I have just got back from speaking at the RMT annual conference in Edinburgh. I remember the derisory comments of some in the Labour Party and in the trade unions when Bob Crow was elected RMT General Secretary and his Executive Committee developed the union's campaigning approach to recruitment, training and representation of its members.
The media went to town on personal attacks on Bob and abuse of the union.
There is no doubt that the RMT is a fighting union. It forcefully stands up for its members and is usually the first to come to aid other unions or campaigns in their struggles both in this country and interantionally.
The result is a union that in only a few years has increased its membership by nearly 50% and has secured for its members increases in pay, improved employment conditions and protection of their pensions at a time when all of these have been under attack across industry.
Such anger has built up across the movement over pay cuts and privatisation job cuts that in the coming months a range of other unions will be at the forefront of protecting the jobs and living statndards of their members. This Friday I will be joining the CWU picket lines as postal workers take action tio protect their jobs and our postal service. Through the summer and into an autumn of discontent PCS, Unison, GMB, Unite, NUT and UCU will all be either preparing for or taking action against cuts in their members pay and further rounds of privatisation.
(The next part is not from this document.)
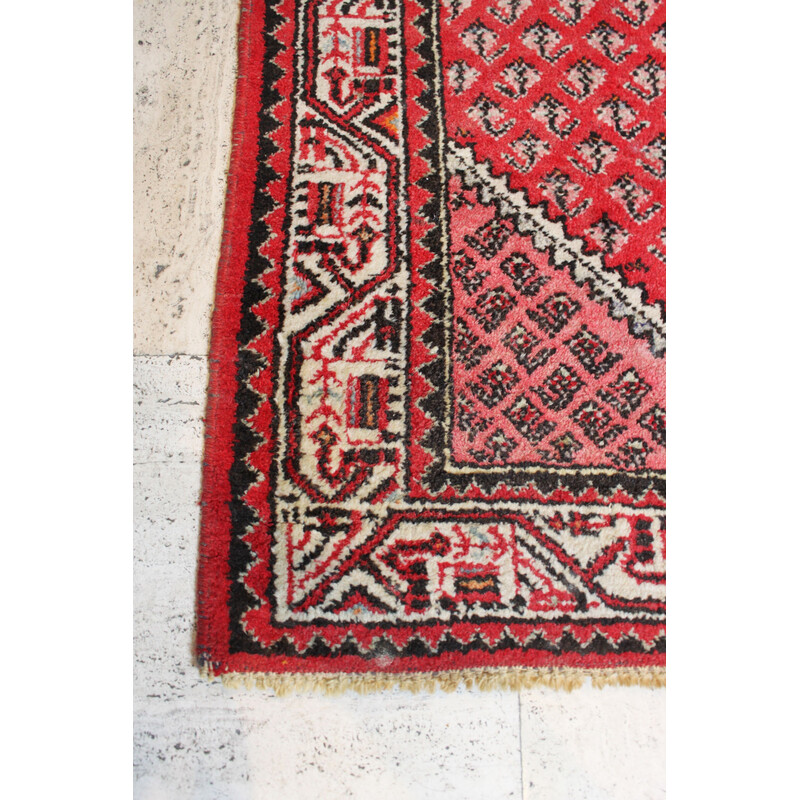 Vintage-Teppich aus Saraband, Iran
It is becomimg starkly clear that if co-ordinated action could be achieved their individual campaigns would be irresistable. RMT lead the way today by announcing that the planned rail strike could be coincided with a CWU strike day.
The incoming Prime Minister needs to be aware that his imposition of a three year pay cut for public service workers and his contnuing privatisation of their jobs will haunt him all the way up to the next election unless a change in policy takes place. The feel I get from trade union conference after conference is that public sector workers will only be pushed so far.